FETÖ terrorist group's new communication app discovered


Becoming more secretive since a heightened crackdown, the Gülenist Terror Group (FETÖ) turned to a new encrypted smartphone-messaging app, security forces discovered. The app, Justnote, was discovered in the cellphones of FETÖ members captured in the central Turkish province of Çorum last week. The suspects were part of a new network the terrorist group established after an intense crackdown in the wake of the July 15, 2016 coup attempt. FETÖ is blamed for carrying out the coup attempt through its military infiltrators that killed 251 people.

Media outlets reported that the app, believed to have been developed in Germany where one of the suspects caught in the operations lived, needed the installation of "special" software for access and was heavily encrypted. It is not available in online application stores. One key feature of the app is that messages delete themselves after the recipient reads them.

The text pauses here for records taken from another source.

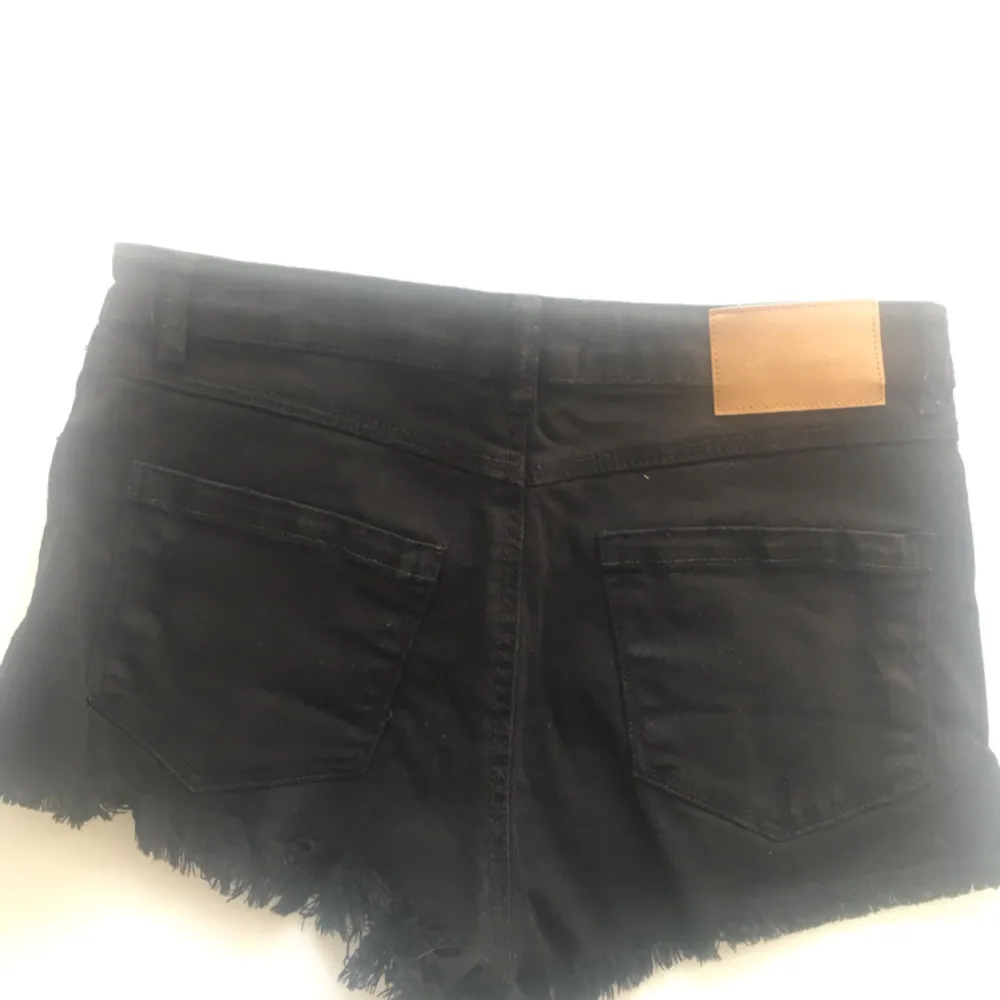 Svarta jeans shorts som aldrig blivit använda, det står att dom är 36 i storleken men dom är ganska små så mer som en 34🌼 kan mötas upp i innerstan i Stockholm eller frakta, köparen står för frakten. Tar swish🌸. Shorts.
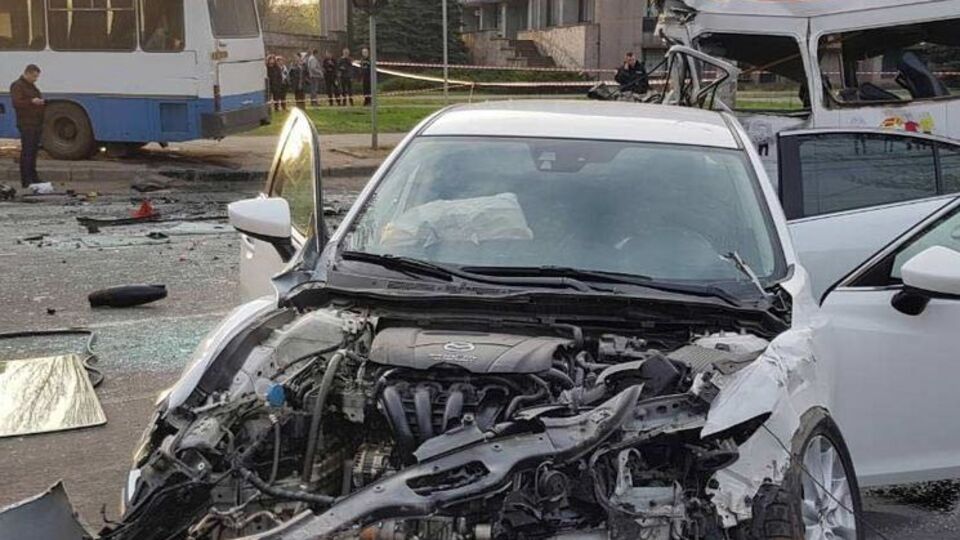 Водитель Mazda получил травму при ударе о руль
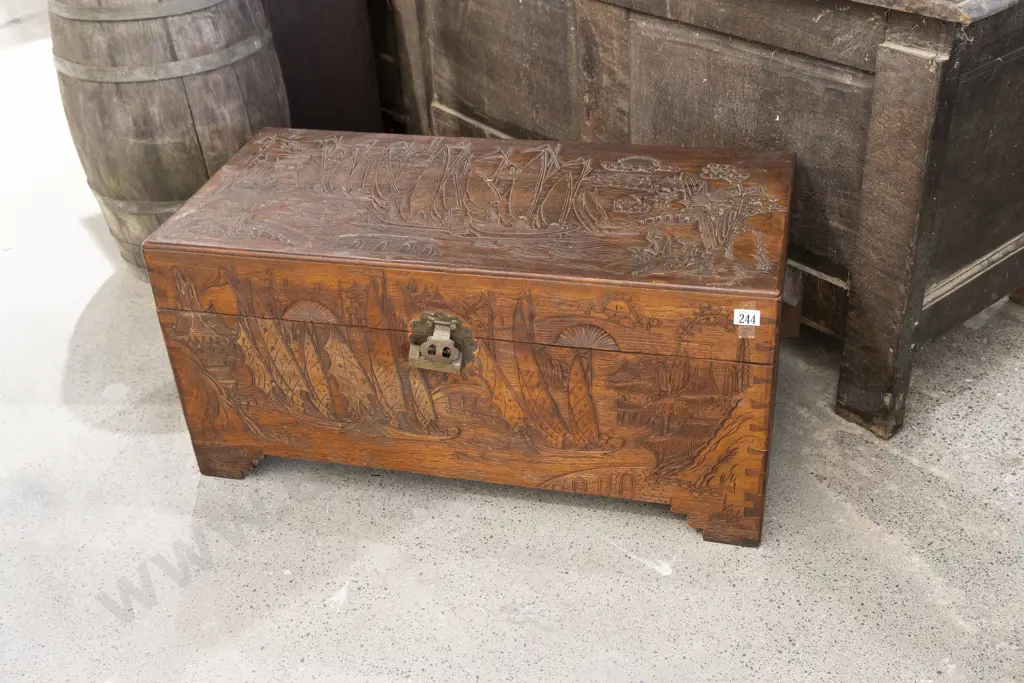 Chinese Camphorwood Box Image 1++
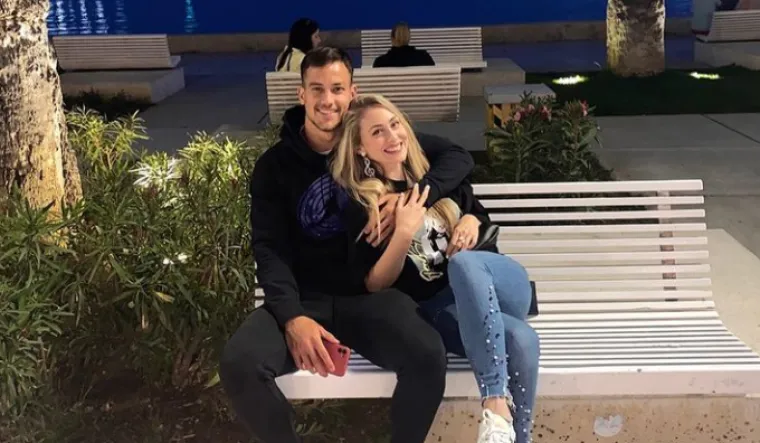 Prelijepa Albina u vezi je s nogometa&scaron;em Hajduka i uopće to ne skrivaju, viđeni su na sinoćnjoj utakmici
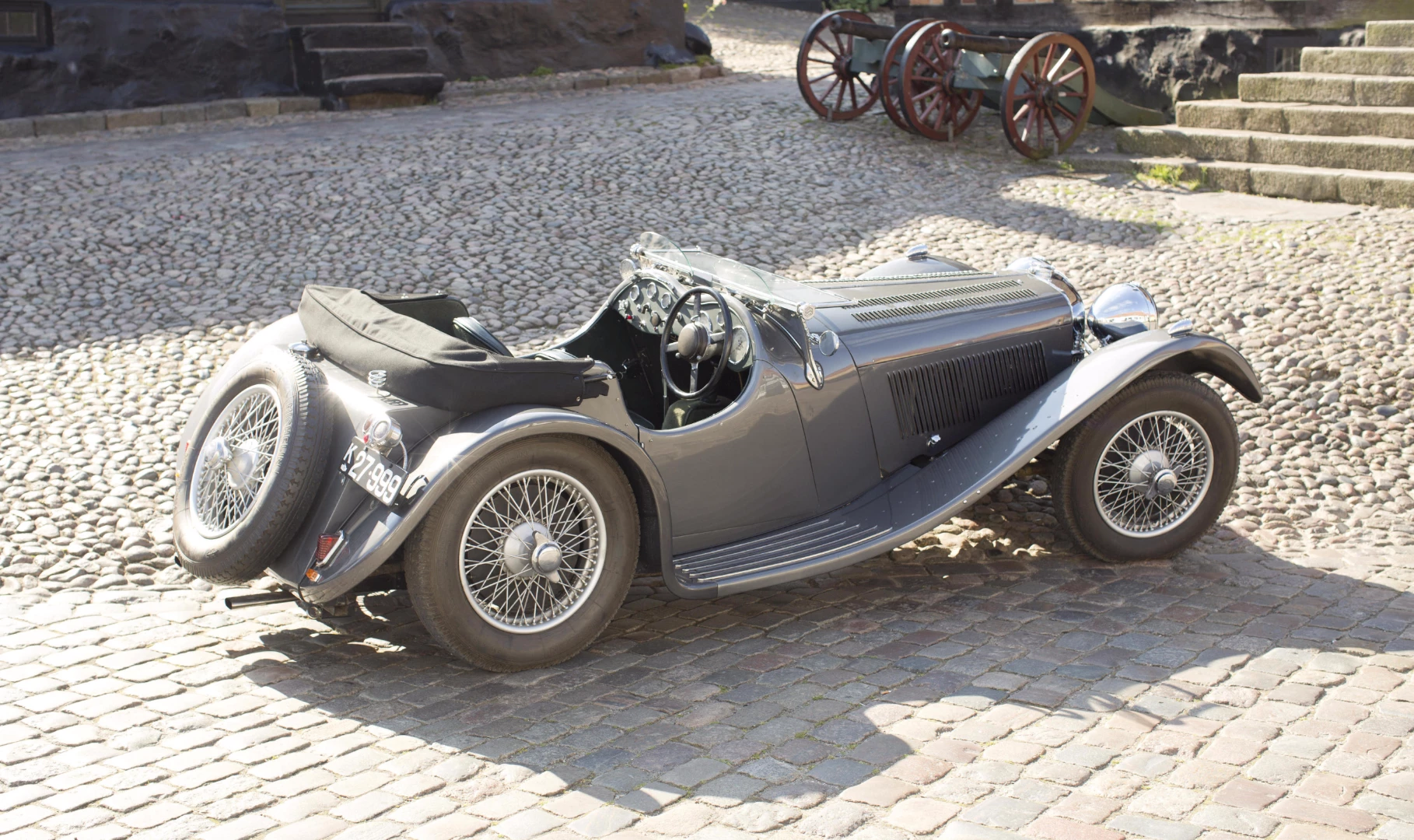This 1938 JAGUAR SS100 3½ LITRE ROADSTER sold for DKK 3,335,000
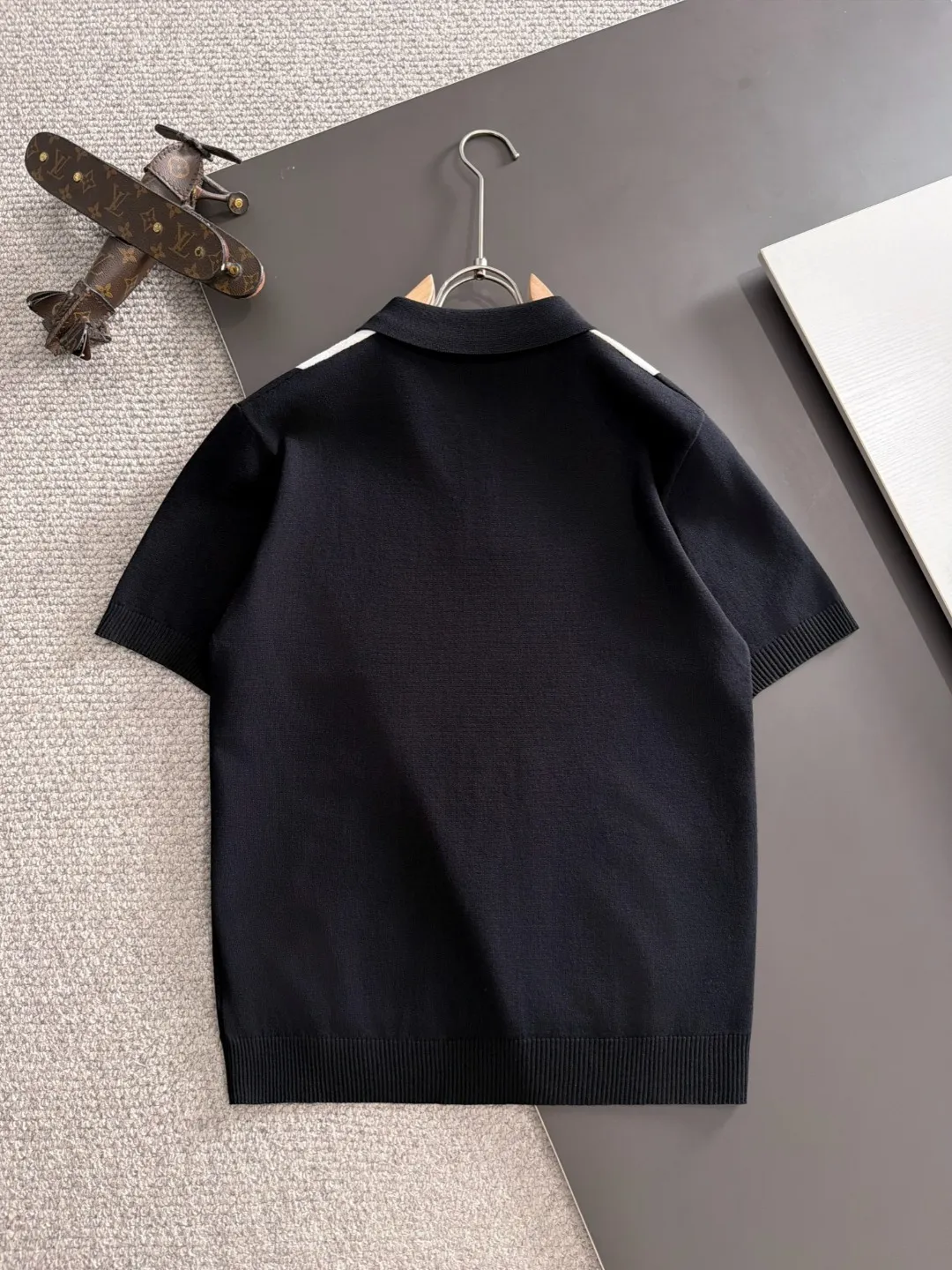 Next day shipment High Quality LP 2036 Summer New Arrival men's short-sleeved T-shirt Made of combed cotton yarn knitted cotton fabric, pure cotton high-weight special yarn, it feels full of weight when weighed, and the upper body is more textured than ordinary T-shirts. This texture can cope with the weather easily and is suitable for both hot and cold! The pattern on the chest adopts three-dimensional embroidery technology, and is perfectly produced stitch by stitch with reference to the original version! Loose fit design, looks noble. Size: M to XXXL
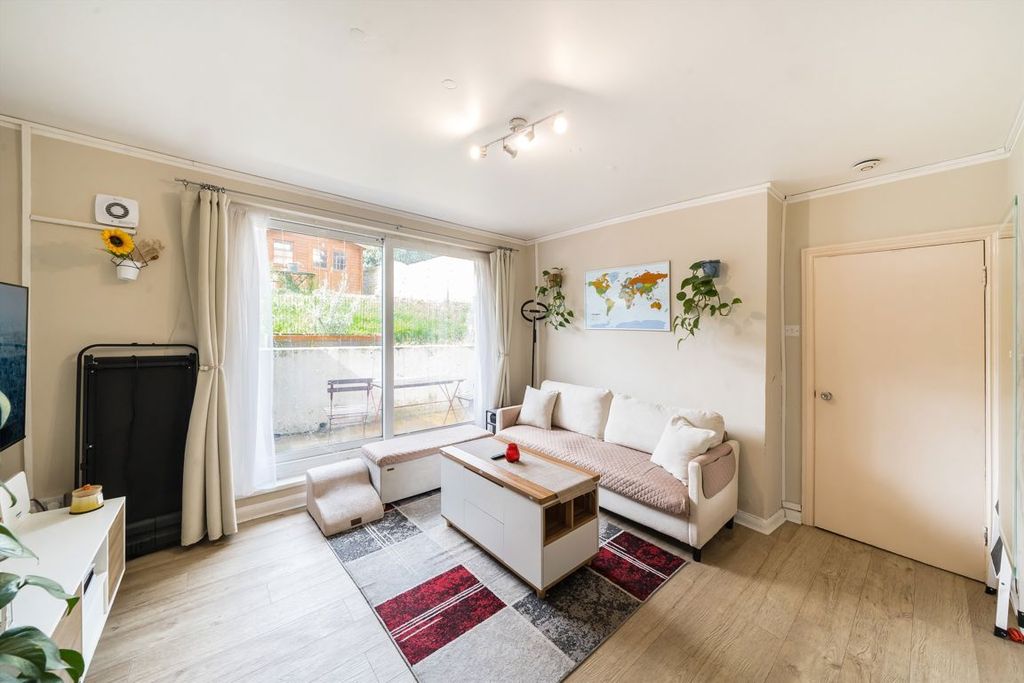 Property photo 3 of 5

FETÖ, known for its secretive methods of communication, utilized everything from in-game chats in mobile games to payphones to convey messages between its members. ByLock is the most well known app used by FETÖ members, and its use was discovered before the 2016 coup attempt. Authorities deciphered ByLock messages, revealing secret messages pointing to an imminent coup in operations after the putsch bid. The Interior Ministry announced that 4,676 new ByLock users were detected through an investigation that had already identified more than 95,000 users. More than 79,337 people faced legal charges in ByLock investigations. Media reports say police intelligence staff linked to the terrorist group were behind the app. FETÖ-linked staff members working in a powerful intelligence department of the Turkish National Police were the "architects" of the app, or rather its modification to serve the purposes of the group. A group of intelligence officers are accused of controlling the private app used to deliver FETÖ leader Fetullah Gülen's messages to his followers, as well as to instruct the group's members on how to carry out plots against anti-Gülenists. Servers of the app deployed in Lithuania were brought to Turkey where teams from the intelligence service worked to decode them. Investigations point out that the app was one of the most commonly employed means of communication in the secretive group.